"Yes, Daniel Lee damaged my life, but I can't believe taking his life is going to change any of that," said Earlene Peterson in a video asking President Donald Trump to grant her daughter and granddaughter's killer, Daniel Lewis Lee, clemency:
Peterson's plea comes about a month before Lee's scheduled execution. Attorney General William Barr announced in July that the Department of Justice will resume executions after a hiatus of 16 years.
"I can't see how executing Daniel Lee will honor my daughter in any way. In fact, [it's] kind of like it dirties her name," Peterson said. She believes Lee's sentence ought to be reduced to life in prison without parole.
Barr's idea of justice contradicts Peterson's desires. Upon announcing that federal executions will resume, Barr said the government owes "it to the victims and their families to carry forward the sentence imposed by our justice system," (which, in this case, was death, given that Lee was sentenced back in 1999). Barr's belief apparently holds true even when the victim's family says they don't support the killer's execution.
In January 1996, Daniel Lewis Lee, a white supremacist, helped Chevie Kehoe murder William Mueller, Nancy Mueller, and her 8-year-old daughter, Sarah Powell, in Tilly, Arkansas. Lee and Kehoe ambushed the family outside of their house, questioned the family about where they kept their money and guns, and proceeded to shoot them with a stun gun, cover their heads with plastic bags, and seal them with duct tape after finding $50,000 in cash, guns, and ammunition in the family's house (William Mueller was a gun dealer who owned a collection of guns and ammunition). The pair then drove the bodies to the Illinois Bayou where they weighted them and threw them into the water.

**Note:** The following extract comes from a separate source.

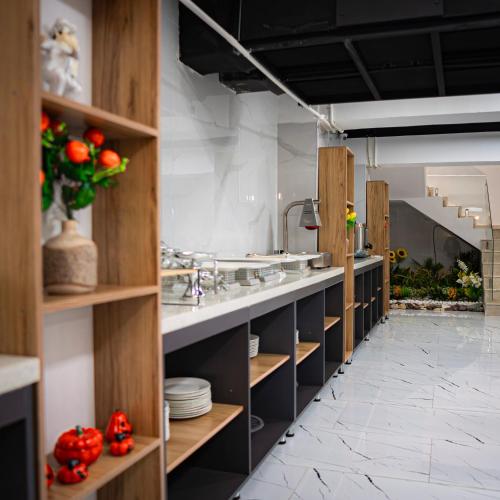 a kitchen with wooden shelves and sinks and red flowers at Consal Hotel 康赛尔酒店 in Baghdād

Kehoe and Lee wanted the family's cash and guns to fund a group called the "Aryan Peoples Republic" and establish a whites-only country in the Pacific Northwest.

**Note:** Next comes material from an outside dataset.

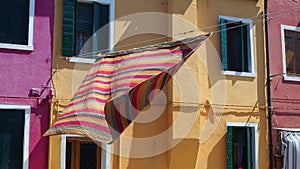 Burano, Venice, Italy. Street with colorful houses and colored tablecloth spread out to dry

On May 4, 1999, a jury convicted Kehoe and Lee of three capital murder counts, racketeering, and conspiracy to commit racketeering. The jury delivered a verdict of life in prison without parole to Kehoe. Lee, on the other hand, was sentenced to death on May 14 for committing the same crimes as Kehoe.
Peterson thinks that this outcome is unjust and has petitioned President Donald Trump—she voted for him in 2016 and plans to do so again—to grant Lee clemency. Lee is the first of five federal inmates on death row Barr is looking to execute. His execution is scheduled for December 9.
Lee ended up on federal death row instead of Arkansas' death row because he was found guilty of conspiring to violate and violating the "Racketeer Influenced and Corrupt Organizations Act" (RICO). RICO allows a case that would typically be prosecuted at the state level to be prosecuted by the federal government if an individual committed at least two instances of 35 potential crimes within 10 years while acting as part of an ongoing criminal organization (in this case, the Aryan Peoples Republic).
Peterson believes the jury's prejudices led to Kehoe and Lee receiving different sentences.
"Chevie Kehoe was dressed very nicely, like a young businessman, and Daniel Lee was not," Peterson said, noting that Lee was missing an eye and had a swastika tattooed on his neck. "He looked like an outlaw," and "was instantly judged the minute he walked into the courtroom," she says.
Both the presiding judge and the leading federal prosecutor in the joint trial, U.S. District Judge G. Thomas Eisele and Dan Stripling, wrote separate letters to then-U.S. Attorney General Eric Holder and U.S. Attorney Christopher Thyer in 2014 expressing their disagreement with the difference in sentencing.
The federal death penalty has been in place since 1988, but only three people have been executed by the federal government in that time, most notably Timothy McVeigh in 2001. Nobody has been executed at the federal level since 2003.
The return of the federal death penalty brings with it a host of dangers. Most notably, it eliminates the possibility that inmates may later be exonerated when new evidence appears. Across the country, 166 people have been exonerated while on death row over the past 50 years.